◆ What you will do
Starting at the top of the records below, write out each line exactly as it stands, stopping after the line with "Click the drop"; exclude the pictures.
Top of Raw data
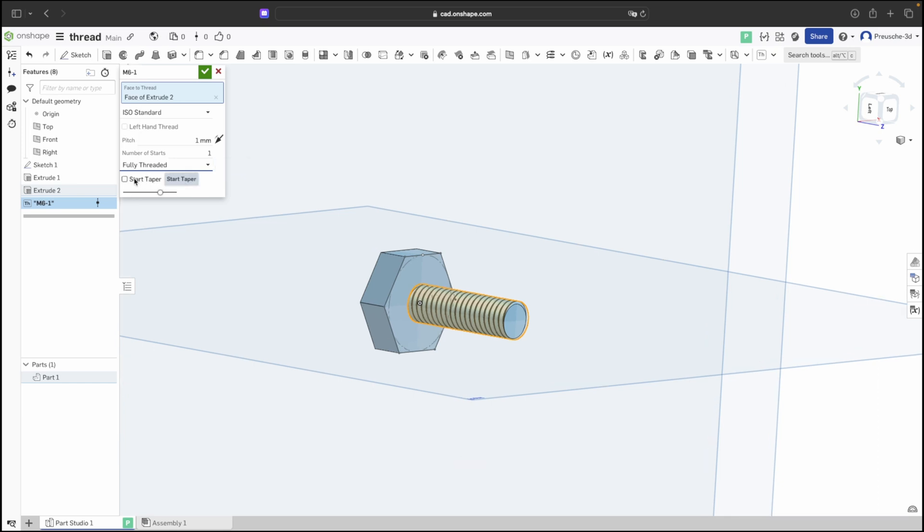It's important to add a start taper, a small chamfer at the beginning of the thread, making it easier to screw in. We can leave this at a 45 degree angle.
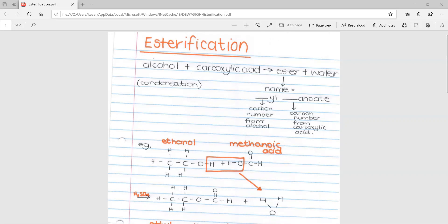The name the ester gets is based on the alcohol and the carboxylic acid. The carbon number from the alcohol, using the numbering system, forms the first part ending in '-yl', and the second part is the carbon number from the carboxylic acid ending in '-anoate'. So if you had ethanol, it would be 'ethyl', and if the carboxylic acid was propanoic acid, it would be 'propanoate'. The prefix from the alcohol joins '-yl' and the prefix from the carboxylic acid joins '-anoate'.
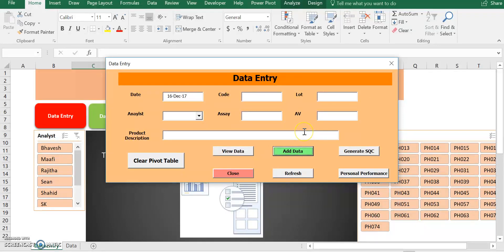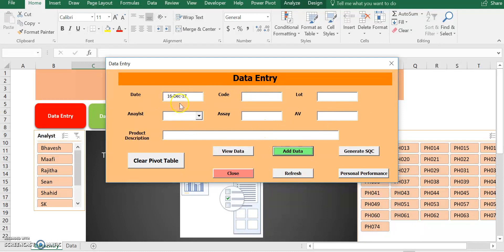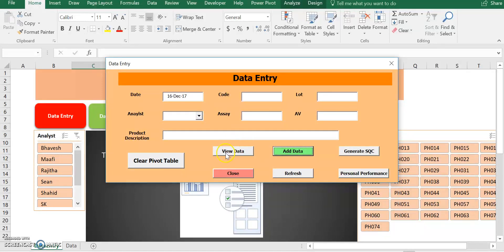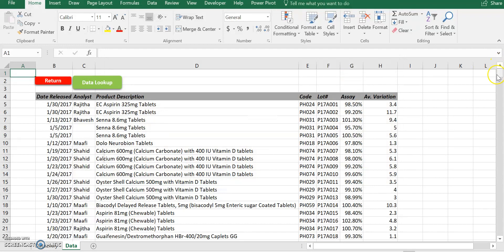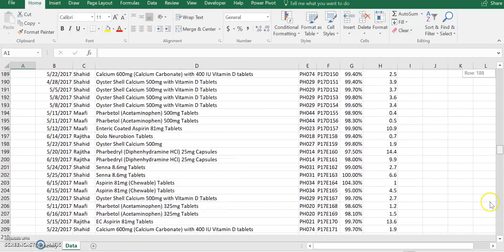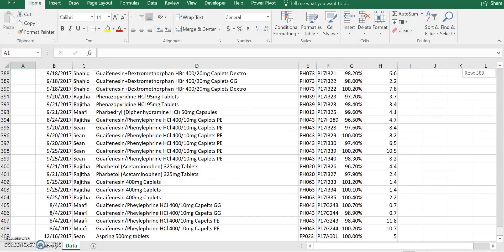So the VBA code was designed so that whenever I hit the add data, all these fields are cleared out except for easy entry. So we can go to our database two ways. We can either click here, view database, or we can close this out and manually go there. I prefer to just click here to view data. As you can see, it worked. Now I close my user form, and I scroll all the way down. Let's see if my entry is added. As you can see, my entry is added.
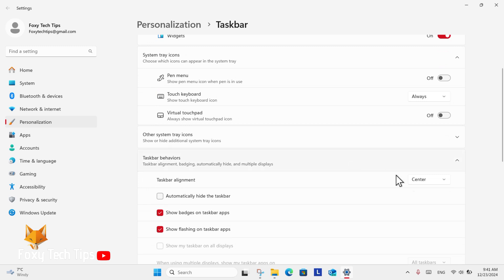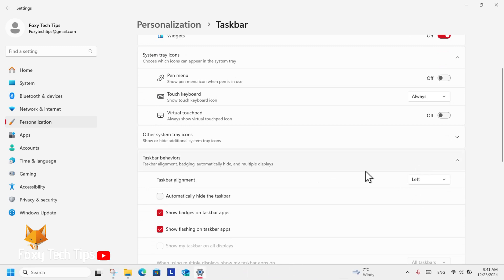Click the drop down box where it says taskbar alignment and change the alignment to left. As you can see, the taskbar has updated to align to the left.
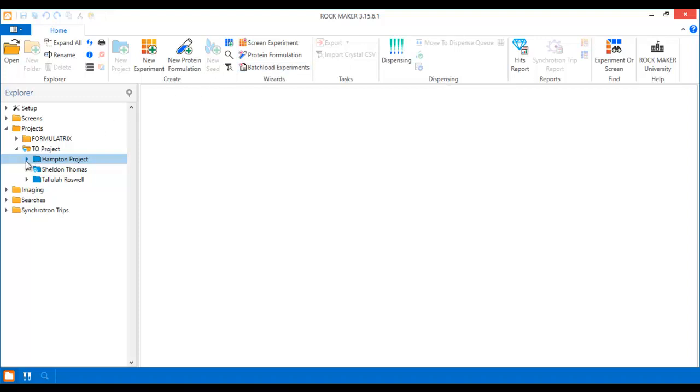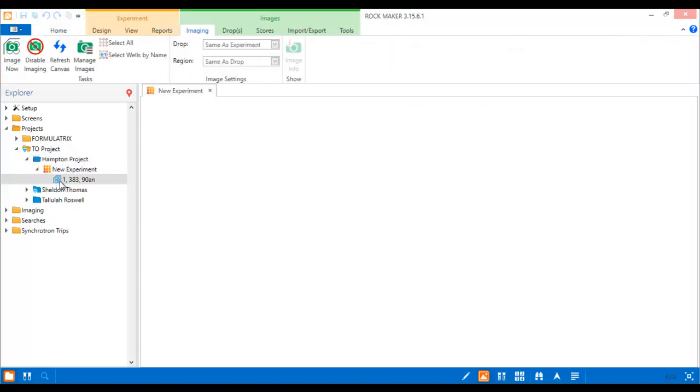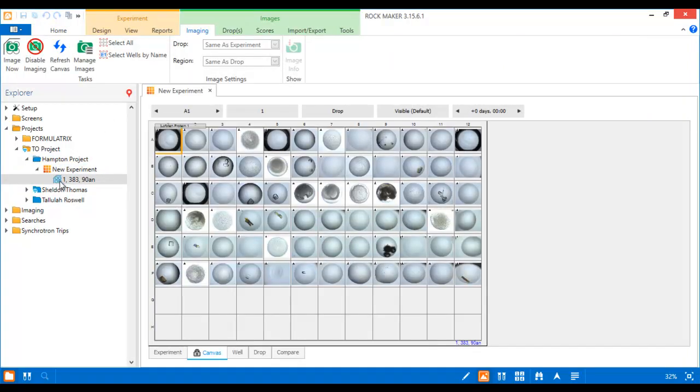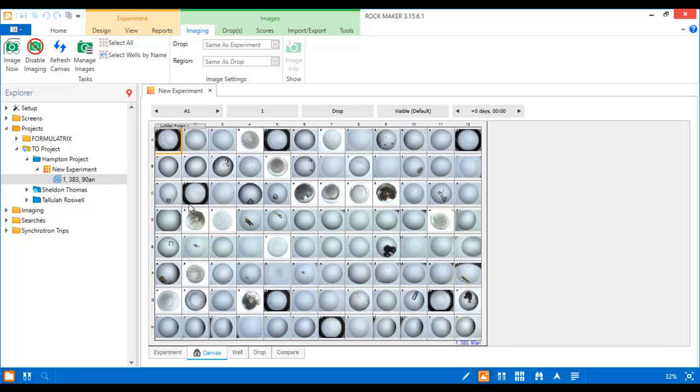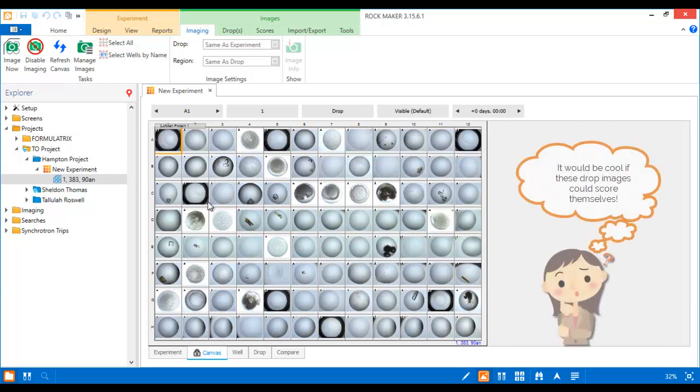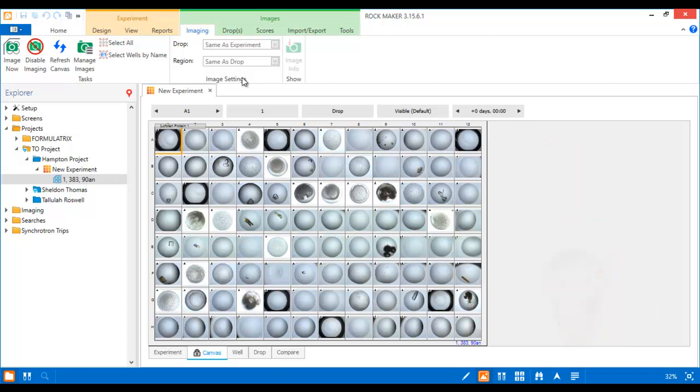Scoring your experiments can quickly become monotonous and time-consuming, stealing your focus away from more important aspects of your work. Just think of all the time you could save if Rockmaker could score your images for you.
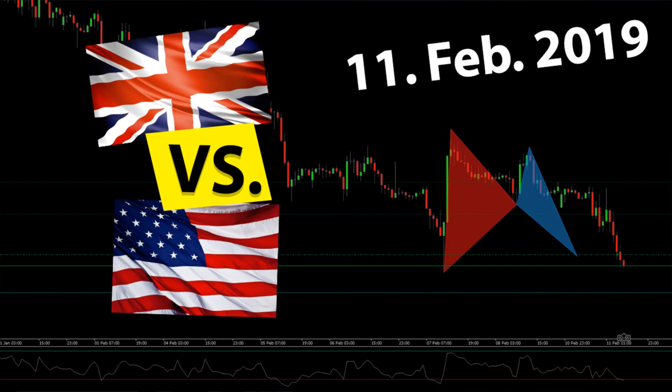Hey there and welcome back to the channel. Here comes another Monday and we have another slow day in the market. However, we were able to get filled on a position on GBPUSD. So stay tuned and check it out.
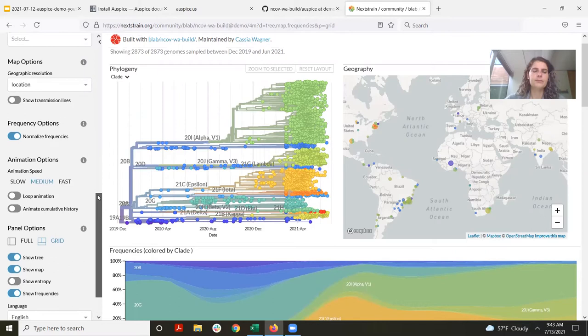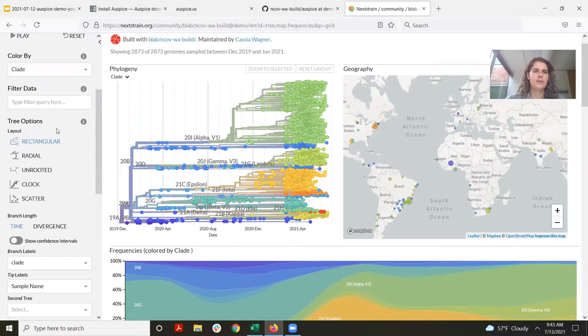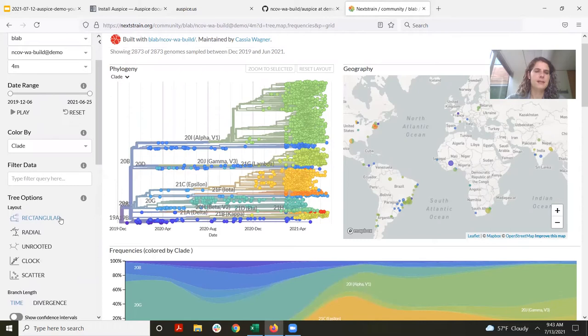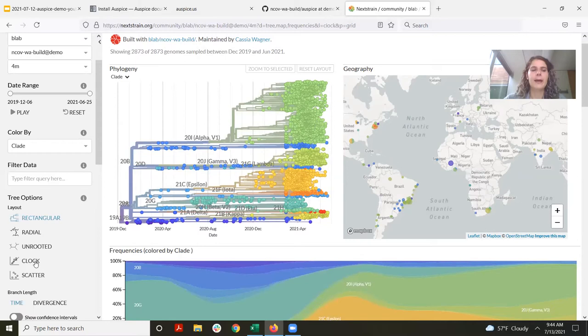In this toolbar, you can also see a number of tree options. I can display the phylogenetic tree in various ways — right now I'm showing a rectangular phylogenetic tree, but I could also show a radial tree or an unrooted tree. We also have clock view and scatter plot view. I want to show clock view because when I build a tree, this is something I'll go to right away, as it can be really helpful for quality controlling your sequences.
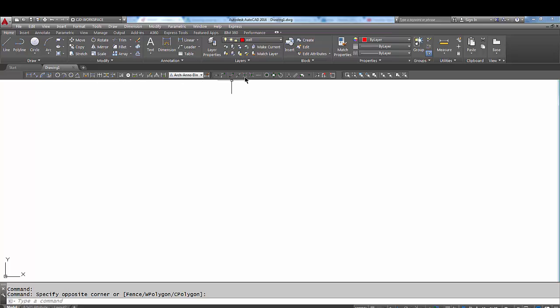There you have your toolbars added and your menu bar added. Stay tuned for the next tutorial, where I'll show you how to create a custom toolbar.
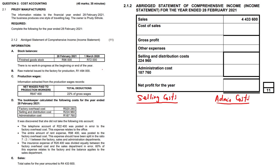We are in the swing of things with respect to manufacturing accounting. This exercise takes us to doing the income statement for a manufacturing concern. The full title is the statement of comprehensive income. In this case it's called an abridged statement of comprehensive income. On the right hand side you have the formatted answer sheet with sales, cost of sales, gross profit, and other expenses. The other expenses are grouped into selling and distribution and admin cost, hence the term abridged. So let's go in search of what we need to complete this answer.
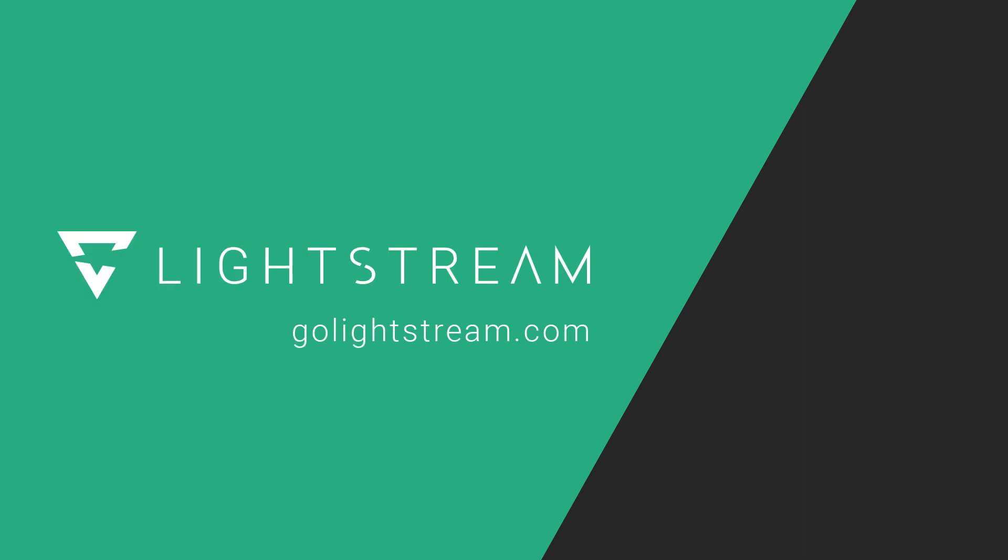To get your specific console set up to work with Lightstream Studio, check out our console-specific tutorials on YouTube. Want to chat with our community? Come join our Discord through the invite in the description.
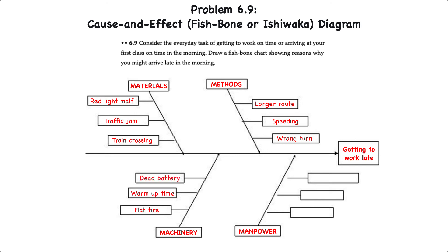Finally we'll look at manpower, and that would be me or my family. Perhaps I couldn't find my keys, my kids didn't get up, or I didn't set an alarm. Those are just some basic examples of the causes that might lead to us arriving to work or school late. And that's how you do a cause and effect diagram.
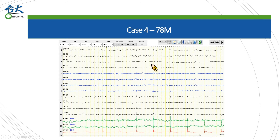Case 4 is much more intuitive. A generalized high-amplitude single spike co-occurs with synchronized EKG in the bottom red line. As taught by Professor Yu, we can see the most positive charge at the left temporal area where the negative discharge is located in the right temporal region. This is in accordance with the electrical field from EKG.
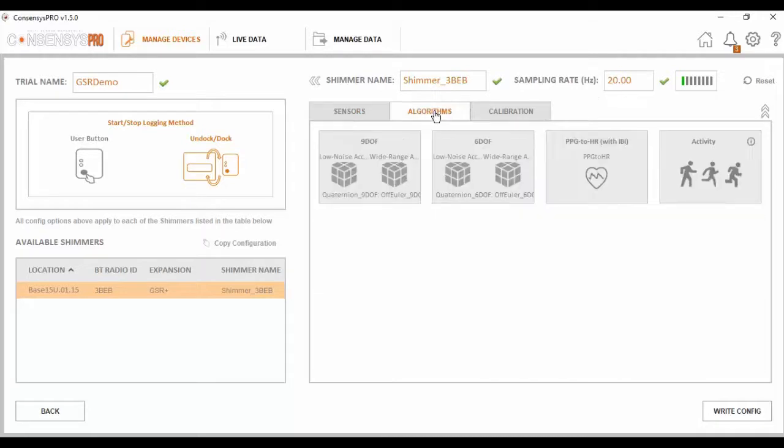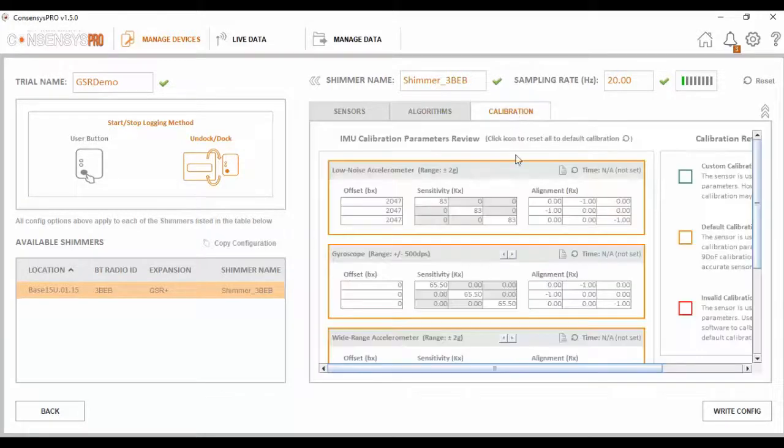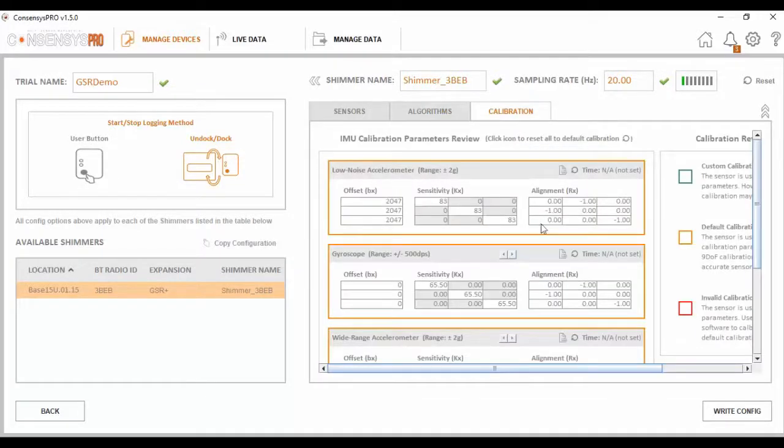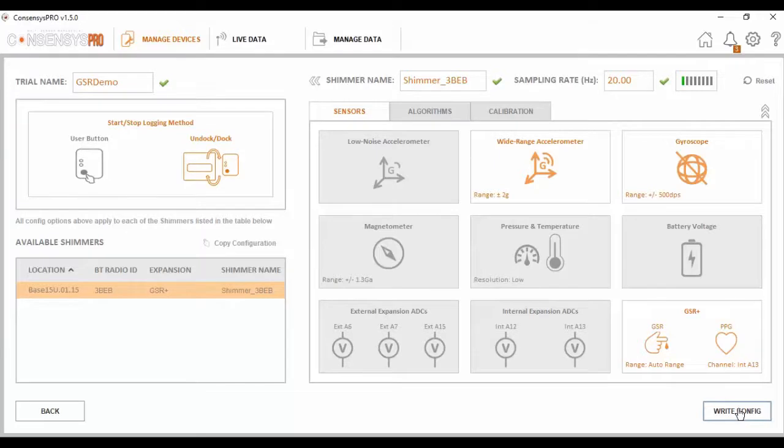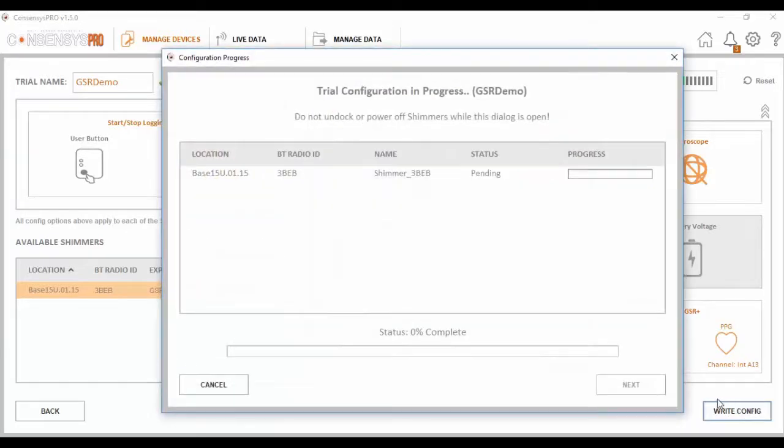We can also add algorithms to this trial if we so wish, such as PPG to heart rate. The final tab to consider is our calibration settings. At this point, if I am happy with the sensing signals I have enabled and the various other settings, I can write these settings to the shimmer by pressing write config down here.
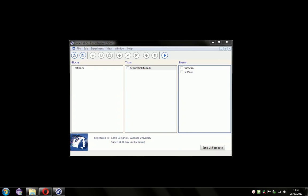This video will cover presenting stimuli in sequence with SuperLab. For example, when you have an event producing a stimulus on screen, and you wish for the second event to put its stimulus on screen without erasing the stimulus from the first event.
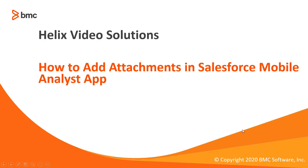Welcome to RemedyForce video tutorial. In this video, we will show you how to add attachments in Salesforce mobile analyst app.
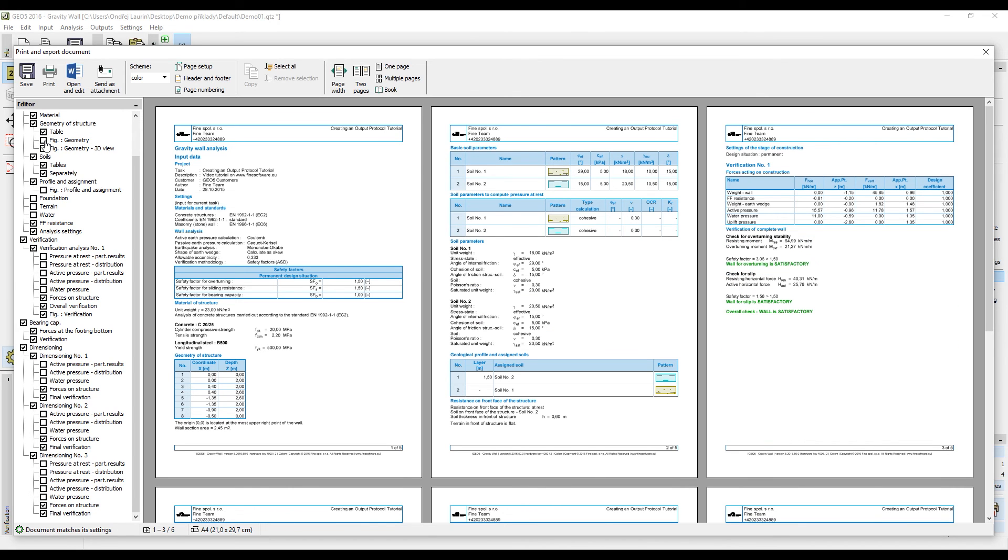An important feature of the figures is that they are live. This means that whenever you change any data in the program, the pictures will automatically be changed as well.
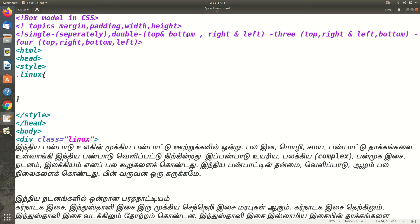In this video, we are going to talk about the box model in CSS. We are going to talk about the first basics — margin, width and height.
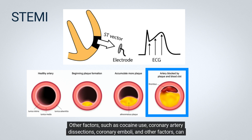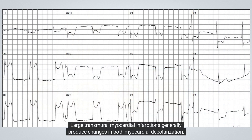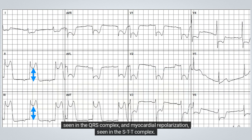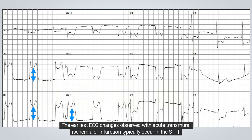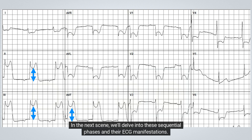Other factors, such as cocaine use, coronary artery dissections, coronary emboli, and other factors, can also cause or contribute to acute STEMI. Large transmural myocardial infarctions generally produce changes in both myocardial depolarization, seen in the QRS complex, and myocardial repolarization, seen in the STT complex. The earliest ECG changes observed with acute transmural ischemia or infarction typically occur in the STT complex and sequential phases. In the next scene, we'll delve into these sequential phases and their ECG manifestations.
Bottom of Raw data
◆ Expected answer
It's important to add a start taper, a small chamfer at the beginning of the thread, making it easier to screw in. We can leave this at a 45 degree angle.
The name the ester gets is based on the alcohol and the carboxylic acid. The carbon number from the alcohol, using the numbering system, forms the first part ending in '-yl', and the second part is the carbon number from the carboxylic acid ending in '-anoate'. So if you had ethanol, it would be 'ethyl', and if the carboxylic acid was propanoic acid, it would be 'propanoate'. The prefix from the alcohol joins '-yl' and the prefix from the carboxylic acid joins '-anoate'.
So the VBA code was designed so that whenever I hit the add data, all these fields are cleared out except for easy entry. So we can go to our database two ways. We can either click here, view database, or we can close this out and manually go there. I prefer to just click here to view data. As you can see, it worked. Now I close my user form, and I scroll all the way down. Let's see if my entry is added. As you can see, my entry is added.
Click the drop down box where it says taskbar alignment and change the alignment to left. As you can see, the taskbar has updated to align to the left.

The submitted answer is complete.